In our March update, we reassess our economic and market forecasts to reflect the impact of the war in Ukraine and look at how central banks are likely to respond to the prospect of weaker growth and surging inflation in Europe.
It's unthinkable that I would ever experience war on my doorstep - Carsten Brzeski
The sanctions are unlikely to stop the war as long as Russia can continue selling oil and gas to Europe and other countries. And the revenues from the extraordinarily high energy prices actually partly offset the negative effects of the sanctions. We'll look at those direct effects. And we'll consider the indirect consequences on countries and markets around the world as governments and central banks continue to fight inflationary and many other pressures.

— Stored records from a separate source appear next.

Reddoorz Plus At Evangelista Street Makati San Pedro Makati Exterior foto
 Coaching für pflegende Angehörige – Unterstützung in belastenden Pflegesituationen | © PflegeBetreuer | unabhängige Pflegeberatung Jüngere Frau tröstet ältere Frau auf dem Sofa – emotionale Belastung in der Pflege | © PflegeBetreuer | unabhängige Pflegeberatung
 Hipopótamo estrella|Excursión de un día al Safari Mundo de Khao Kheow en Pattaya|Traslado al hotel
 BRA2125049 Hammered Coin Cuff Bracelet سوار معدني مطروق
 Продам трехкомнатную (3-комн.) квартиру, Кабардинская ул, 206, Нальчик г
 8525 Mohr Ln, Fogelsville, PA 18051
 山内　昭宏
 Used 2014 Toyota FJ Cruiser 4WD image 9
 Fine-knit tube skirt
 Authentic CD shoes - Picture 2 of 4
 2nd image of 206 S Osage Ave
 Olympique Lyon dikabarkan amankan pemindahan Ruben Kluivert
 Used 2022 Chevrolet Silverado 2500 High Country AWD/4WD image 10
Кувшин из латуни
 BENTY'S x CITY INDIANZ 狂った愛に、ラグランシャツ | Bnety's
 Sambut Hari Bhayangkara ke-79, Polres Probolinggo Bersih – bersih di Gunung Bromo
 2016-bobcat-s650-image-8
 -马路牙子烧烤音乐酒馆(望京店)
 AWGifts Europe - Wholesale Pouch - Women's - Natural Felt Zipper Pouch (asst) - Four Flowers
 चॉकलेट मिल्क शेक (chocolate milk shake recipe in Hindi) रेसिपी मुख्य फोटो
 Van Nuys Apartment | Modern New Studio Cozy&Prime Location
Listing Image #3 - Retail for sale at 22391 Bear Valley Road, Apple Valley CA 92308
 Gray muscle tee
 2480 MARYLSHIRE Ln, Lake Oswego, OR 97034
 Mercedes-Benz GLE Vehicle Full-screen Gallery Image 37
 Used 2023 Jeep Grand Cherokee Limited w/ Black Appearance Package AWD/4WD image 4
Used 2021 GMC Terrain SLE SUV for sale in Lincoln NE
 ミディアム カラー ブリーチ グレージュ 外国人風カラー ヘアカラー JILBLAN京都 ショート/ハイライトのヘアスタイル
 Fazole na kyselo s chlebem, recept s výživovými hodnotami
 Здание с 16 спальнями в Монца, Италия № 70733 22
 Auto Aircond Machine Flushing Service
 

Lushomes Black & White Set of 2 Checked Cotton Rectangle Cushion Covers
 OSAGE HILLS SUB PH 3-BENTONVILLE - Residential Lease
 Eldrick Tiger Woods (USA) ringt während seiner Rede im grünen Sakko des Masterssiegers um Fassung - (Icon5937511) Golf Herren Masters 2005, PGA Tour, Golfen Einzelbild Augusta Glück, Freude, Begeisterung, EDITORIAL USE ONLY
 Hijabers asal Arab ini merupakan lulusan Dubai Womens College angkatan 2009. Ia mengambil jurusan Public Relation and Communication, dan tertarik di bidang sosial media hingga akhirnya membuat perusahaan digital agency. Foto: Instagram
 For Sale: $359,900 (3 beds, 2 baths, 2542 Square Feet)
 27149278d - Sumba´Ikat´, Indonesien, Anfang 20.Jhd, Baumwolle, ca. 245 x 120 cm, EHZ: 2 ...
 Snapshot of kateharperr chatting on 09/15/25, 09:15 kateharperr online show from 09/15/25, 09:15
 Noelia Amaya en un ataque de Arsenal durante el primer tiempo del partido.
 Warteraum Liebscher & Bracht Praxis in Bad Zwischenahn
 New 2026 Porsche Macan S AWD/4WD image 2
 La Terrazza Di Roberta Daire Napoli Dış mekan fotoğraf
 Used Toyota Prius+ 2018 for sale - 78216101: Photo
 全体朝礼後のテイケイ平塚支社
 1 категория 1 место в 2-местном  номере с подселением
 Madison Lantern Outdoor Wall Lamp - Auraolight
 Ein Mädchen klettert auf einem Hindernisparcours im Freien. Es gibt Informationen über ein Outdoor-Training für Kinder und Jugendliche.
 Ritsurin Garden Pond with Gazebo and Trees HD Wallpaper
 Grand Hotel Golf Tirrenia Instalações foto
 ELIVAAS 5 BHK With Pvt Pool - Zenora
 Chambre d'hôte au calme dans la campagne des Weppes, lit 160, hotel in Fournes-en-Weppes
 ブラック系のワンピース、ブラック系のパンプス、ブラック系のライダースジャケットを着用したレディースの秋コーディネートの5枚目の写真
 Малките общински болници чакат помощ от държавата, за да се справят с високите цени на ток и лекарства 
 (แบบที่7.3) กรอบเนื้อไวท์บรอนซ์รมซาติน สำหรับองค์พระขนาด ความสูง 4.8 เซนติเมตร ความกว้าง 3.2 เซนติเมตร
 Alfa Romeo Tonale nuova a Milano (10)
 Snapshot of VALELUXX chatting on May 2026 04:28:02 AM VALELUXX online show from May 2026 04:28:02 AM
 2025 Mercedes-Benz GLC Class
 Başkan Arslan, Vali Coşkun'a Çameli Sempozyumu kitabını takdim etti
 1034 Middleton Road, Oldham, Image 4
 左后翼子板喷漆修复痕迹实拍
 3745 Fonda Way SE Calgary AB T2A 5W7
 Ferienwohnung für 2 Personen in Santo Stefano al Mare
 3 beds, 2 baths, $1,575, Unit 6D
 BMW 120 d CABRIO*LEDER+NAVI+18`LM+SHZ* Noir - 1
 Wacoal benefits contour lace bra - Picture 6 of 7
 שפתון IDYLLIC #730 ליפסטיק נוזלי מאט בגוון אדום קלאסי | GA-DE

A closer look at the sanctions
So far, the sanction response to the military escalation has been aggressive and generally coordinated, but careful not to disrupt Russia’s key commodity exports to the main partners. That is probably explained by Russia’s importance to the commodity and financial markets and also by the necessity to leave room for additional pressure should things get still worse. The measures announced in the headlines are bold, including full blocking sanctions against banks, a cut-off from the SWIFT messaging system which allows financial institutions to authorise payments, the sanctioning of private assets of individual Russians (the Specially Designated Nationals list), export bans on high tech goods and sanctions on the Central Bank of Russia. These are all elements from the most severe Iranian playbook.